Fixing a brake line at Minus thirty

Field training for Alaska army units is conducted almost exclusively in the winter. Anyone can fight when it is warm but surviving and operating in sub-zero weather takes training, endurance and a lot of preparation. It was not unusual for us to be out in the field for over a week and never see a high temperature above negative 10 Fahrenheit (-10F). As a wheeled vehicle mechanic, my mission was to make sure that the vehicles were prepared for the weather and to also fix them when there were breakdowns in the field.

There were always the normal items you would run across in the winter. Dead batteries were by far the most common issue since batteries have no love of the cold. There was also the heater will not work or other mundane things like changing a flat in a foot of snow. One of the more challenging fixes I had the pleasure of doing involved a busted brake line on a M35A2 two-and-a-half-ton truck when were ready to return to the base at the end of our latest exercise.

M35s used a hydraulic brake system with an air assist. (Not my design) This brake system was touchy at best and required you to treat it with the utmost respect (Draining the air tanks every night after you were finished for the day, etc.) In this case, the timing was lousy. We’d already packed up and were ready to move out when the driver noted the brake pedal going to the floor. As this was an indication of a fluid leak, we troubleshot the hydraulic portion of the brakes and not the air assist. We quickly identified the point of failure as a broken flex line from the chassis to the center axle on the driver’s side.

As luck would have it, we didn’t have the line in spare parts, so we had to improvise. We figured out that we could disconnect the flex line at the junction box and all we had to do was come up with some way of blocking off that connection. Once blocked, we could refill the brake fluid and bleed the air from the hydraulic lines, and use the brakes on the five remaining wheels to get the truck back to base.

The truck is sitting in a couple feet of snow. This would normally have been a handicap, but in this case, it gave us a place to lay where we had easy access to the junction block. It was getting to be late afternoon and the biggest challenge was the falling temperatures. Staying warm was getting harder and we were trying hard not to have to spend another night in the field.

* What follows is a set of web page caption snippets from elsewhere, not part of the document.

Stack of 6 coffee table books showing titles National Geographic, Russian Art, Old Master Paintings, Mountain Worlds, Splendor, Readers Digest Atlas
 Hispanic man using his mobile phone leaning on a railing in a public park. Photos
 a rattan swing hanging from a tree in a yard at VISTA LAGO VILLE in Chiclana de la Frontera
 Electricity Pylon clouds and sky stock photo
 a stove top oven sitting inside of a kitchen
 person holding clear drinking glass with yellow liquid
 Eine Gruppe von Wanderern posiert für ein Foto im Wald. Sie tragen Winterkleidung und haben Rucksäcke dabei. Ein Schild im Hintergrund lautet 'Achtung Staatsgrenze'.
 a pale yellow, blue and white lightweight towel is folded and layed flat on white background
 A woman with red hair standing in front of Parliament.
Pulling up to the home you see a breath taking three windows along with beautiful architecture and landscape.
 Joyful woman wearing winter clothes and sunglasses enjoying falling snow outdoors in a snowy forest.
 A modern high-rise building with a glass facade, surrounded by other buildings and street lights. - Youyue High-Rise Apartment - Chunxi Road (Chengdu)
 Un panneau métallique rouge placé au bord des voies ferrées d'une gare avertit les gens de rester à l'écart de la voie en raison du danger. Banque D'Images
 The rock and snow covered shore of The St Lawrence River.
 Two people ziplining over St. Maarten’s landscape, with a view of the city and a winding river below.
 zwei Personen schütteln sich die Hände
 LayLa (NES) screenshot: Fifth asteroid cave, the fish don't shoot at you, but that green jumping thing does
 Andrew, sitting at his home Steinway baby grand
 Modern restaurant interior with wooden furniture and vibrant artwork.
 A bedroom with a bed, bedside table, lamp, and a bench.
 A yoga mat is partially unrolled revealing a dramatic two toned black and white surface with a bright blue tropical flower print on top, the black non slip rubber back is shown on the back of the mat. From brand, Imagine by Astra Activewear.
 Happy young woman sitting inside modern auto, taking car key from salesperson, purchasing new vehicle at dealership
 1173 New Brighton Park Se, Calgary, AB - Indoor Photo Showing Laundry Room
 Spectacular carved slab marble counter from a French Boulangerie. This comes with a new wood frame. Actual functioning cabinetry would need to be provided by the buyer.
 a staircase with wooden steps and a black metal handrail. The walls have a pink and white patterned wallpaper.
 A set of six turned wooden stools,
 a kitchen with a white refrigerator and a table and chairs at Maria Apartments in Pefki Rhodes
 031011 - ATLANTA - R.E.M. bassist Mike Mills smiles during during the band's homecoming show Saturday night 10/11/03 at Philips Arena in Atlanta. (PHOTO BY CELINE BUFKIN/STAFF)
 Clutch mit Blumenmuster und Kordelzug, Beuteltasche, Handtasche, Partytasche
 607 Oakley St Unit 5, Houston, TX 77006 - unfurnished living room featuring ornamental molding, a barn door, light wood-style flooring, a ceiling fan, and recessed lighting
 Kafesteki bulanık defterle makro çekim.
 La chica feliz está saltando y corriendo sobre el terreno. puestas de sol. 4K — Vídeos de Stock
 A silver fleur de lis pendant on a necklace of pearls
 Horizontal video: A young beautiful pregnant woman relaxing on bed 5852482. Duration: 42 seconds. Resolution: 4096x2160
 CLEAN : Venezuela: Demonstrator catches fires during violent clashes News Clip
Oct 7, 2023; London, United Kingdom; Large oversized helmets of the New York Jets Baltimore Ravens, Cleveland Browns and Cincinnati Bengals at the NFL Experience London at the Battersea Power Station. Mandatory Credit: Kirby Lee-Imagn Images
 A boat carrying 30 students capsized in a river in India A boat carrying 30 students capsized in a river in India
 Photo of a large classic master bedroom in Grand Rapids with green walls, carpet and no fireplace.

As it is always said, necessity is the mother of invention. After we’d exhausted all possible spare parts scavenging among other local units, we looked hard at what we had available and the solution was to use part of the failed hose assembly. Hydraulic flex lines have a metal fitting and line on each end and it was the braided rubber hose in the center that had failed. We cut the metal line as close as we could to the hose and made a plug out of it. Using a vice mounted on our wreaker, we crimped, then folded and then crimped the cut end of the metal line, closing the end of the line. Then we placed the line upon end up in the vice and heated the line with a torch and filled it with solder to seal the crimped end for high pressure.

Once it cooled with a quick dowsing in the snow, we had a pressure solid seal for the missing line at the junction. We quickly blead the air out of the lines and we were rolling in about 30 minutes. This allowed us to return to base just before dark and sleep in a warm bed for the first time in over a week. Field expedient repairs for the win again!